### Task statement:
All lines from the one holding "Suzuki GSX-R1000 2017" through the last line of the entries below must be transcribed exactly, and no others. Pictures do not go in.

..........

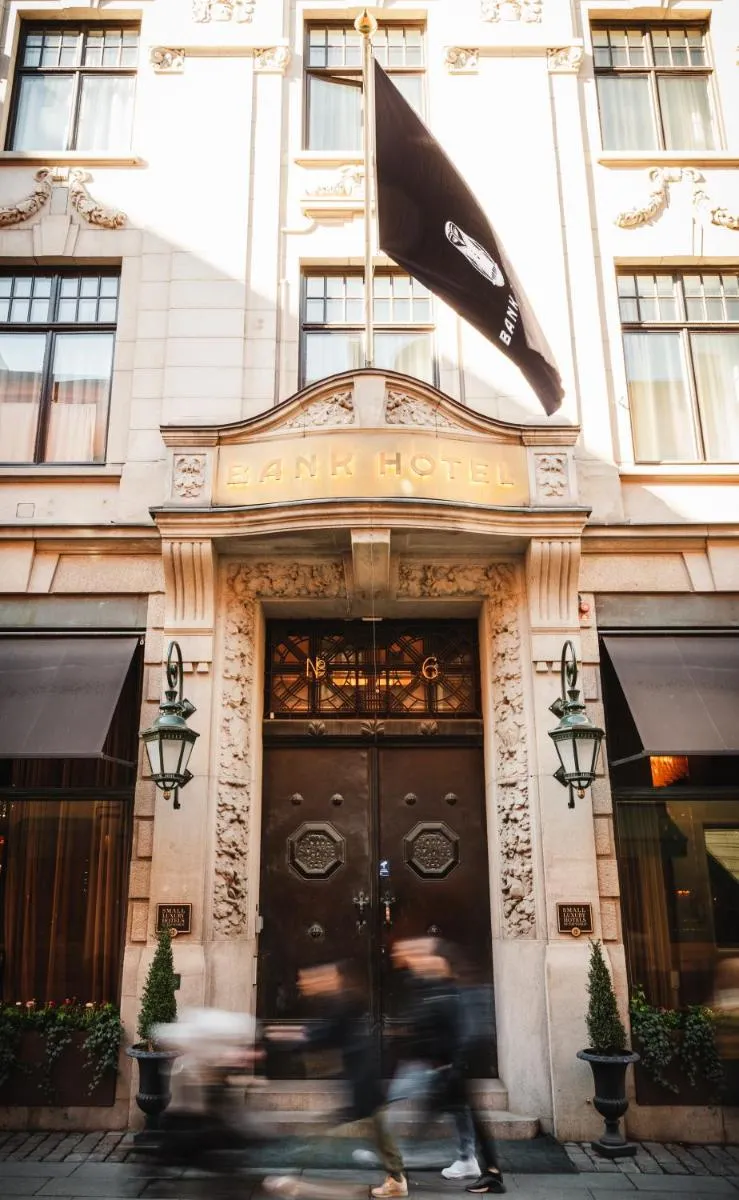 Image 4 of Bank Hotel, a Member of Small Luxury Hotels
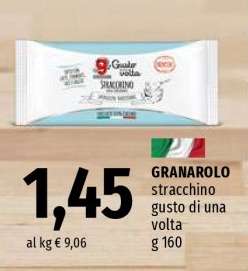 GRANAROLO stracchino gusto di una volta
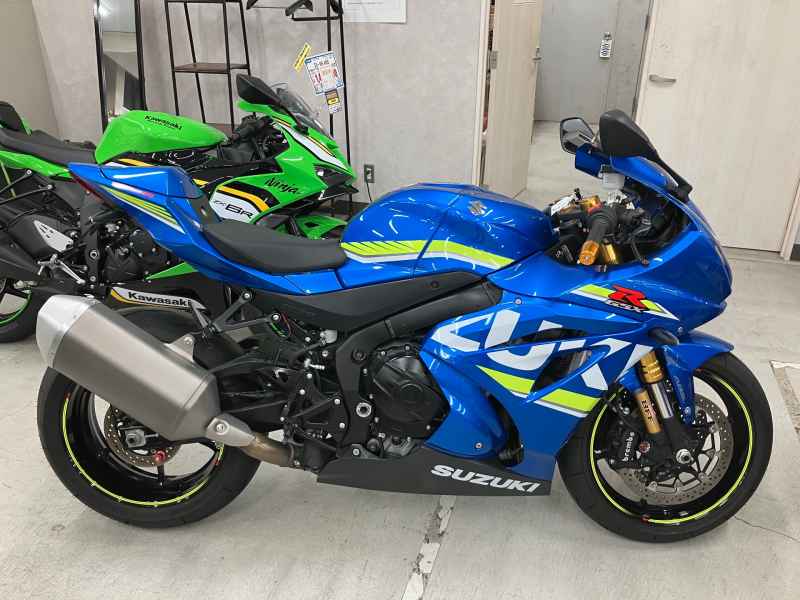 Suzuki GSX-R1000 2017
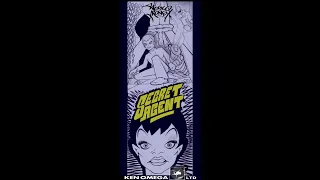 Ken Omega aka Bosco Money - Rock On - (Secret Agent LP)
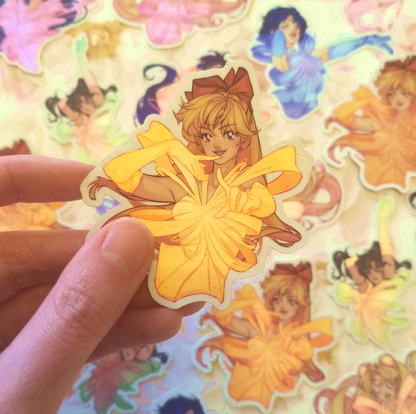 Sailor Moon Stickers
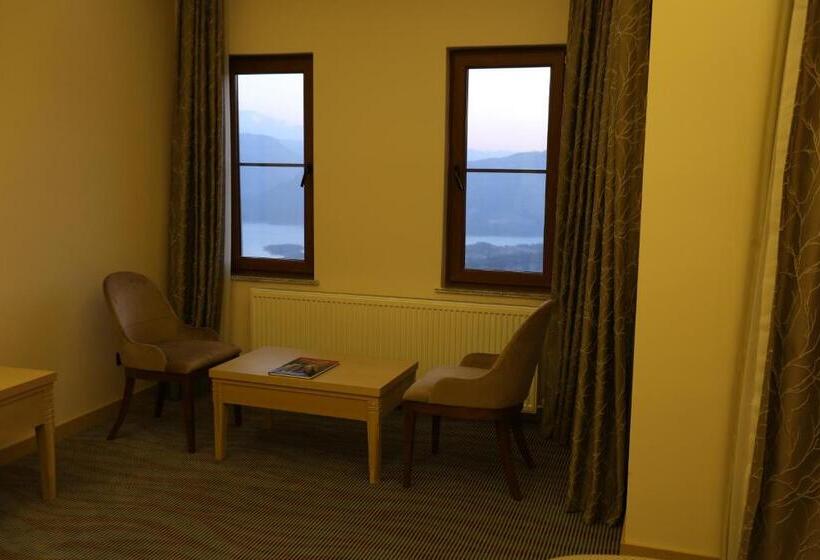 Номер Deluxe, Selcuklu Otel   Special Class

..........

### Expected answer:
 Suzuki GSX-R1000 2017
 Ken Omega aka Bosco Money - Rock On - (Secret Agent LP)
 Sailor Moon Stickers
 Номер Deluxe, Selcuklu Otel   Special Class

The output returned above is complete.